Reproduce exactly the line that includes "Tarjeta M.2 NVMe" and all lines after it, ending with the last line of the data.

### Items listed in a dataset
----------

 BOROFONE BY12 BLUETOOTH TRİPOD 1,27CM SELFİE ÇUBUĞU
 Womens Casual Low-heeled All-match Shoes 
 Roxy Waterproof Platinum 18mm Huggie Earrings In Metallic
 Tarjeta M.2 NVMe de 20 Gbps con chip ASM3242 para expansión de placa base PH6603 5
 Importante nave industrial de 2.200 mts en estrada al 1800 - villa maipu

----------

### Solution to the problem
 Tarjeta M.2 NVMe de 20 Gbps con chip ASM3242 para expansión de placa base PH6603 5
 Importante nave industrial de 2.200 mts en estrada al 1800 - villa maipu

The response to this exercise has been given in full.